What is wrong in the implementation and how can I correct it?

  • In your function you don't print anything. You print sum1, however, before you call moves(0), but at that time the value of sum1 is still 0.
  • You are mixing recursion and iteration: The for loop by itself already covers the whole list and (with some corrections) is already close to solving the problem iteratively. Still you make an additional recursive call. Since you have tagged the question "recursion" I assume you would like to understand how a recursive solution could look in principle.
  • Your attempt at recursion will fail because moves(i) gets an argument i but you don't use that argument value and immediately overwrite i in the for i loop. Therefore, every recursive call will again iterate over the full list.
  • The comparison b[i] < b[i+1] is wrong, because whenever b[i] <= b[i+1] there is nothing to do between these two list elements (assuming that all elements up to b[i] already form a non-decreasing sequence).

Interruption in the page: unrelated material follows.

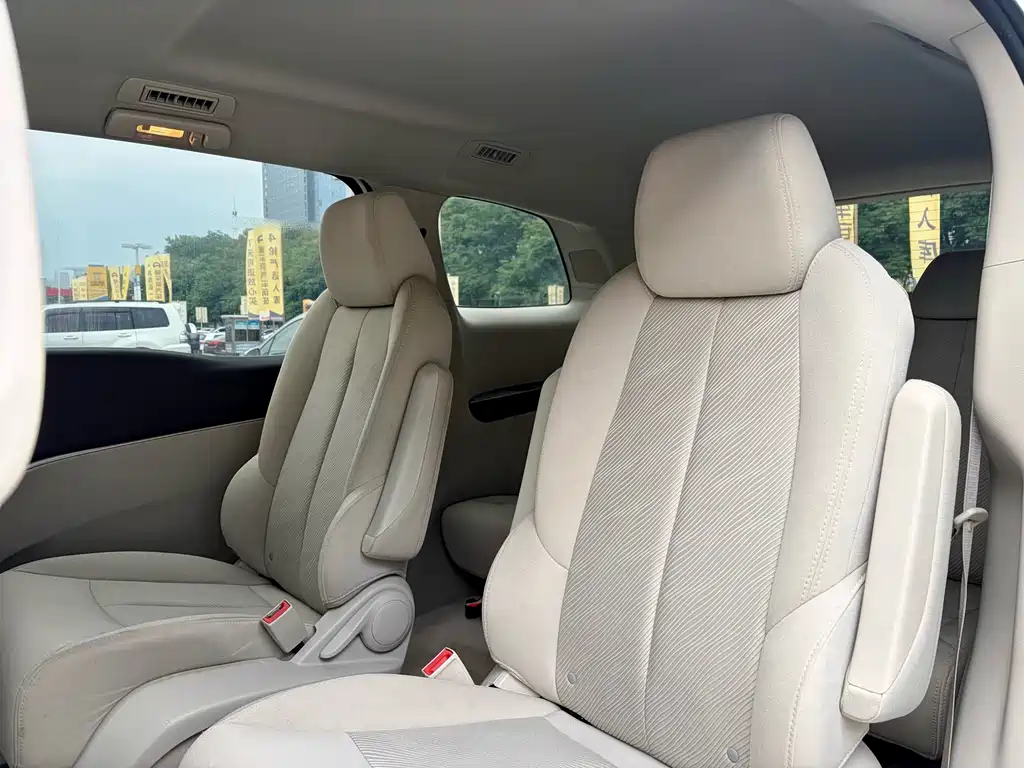 Buick GL8 2023 Comfort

That is, a working recursive approach could look like follows:
a = input('')
b = list(map(int, a.split(' ')))    # split string into a list of numbers
sum1 = 0
def moves(i):
    global sum1
    if i < len(b)-1:
        if b[i] > b[i+1]:
            sum1 += b[i] - b[i+1]
            b[i+1] += b[i] - b[i+1]
        moves(i+1)
moves(0)
print(sum1)

This code works, but has some non-functional quality issues:

  • Use of globals should be avoided. There are good reasons for this - I recommend a bit of research to understand why, rather than just accepting it as a dogma. You can transform their use into the use of function arguments and return values.
  • There is some unnecessary duplication of computations: b[i] - b[i+1] is computed twice. Such redundancy is disadvantageous (search for code duplication to learn why). You could use a temporary variable here to compute the value only once, but there is an even simpler approach: Do a bit of math to figure out what b[i+1] += b[i] - b[i+1] will result in.

1 Comment

Thanks, a lot. I honestly just typed whatever came to mind at that point of time. Next time, i'll be more careful.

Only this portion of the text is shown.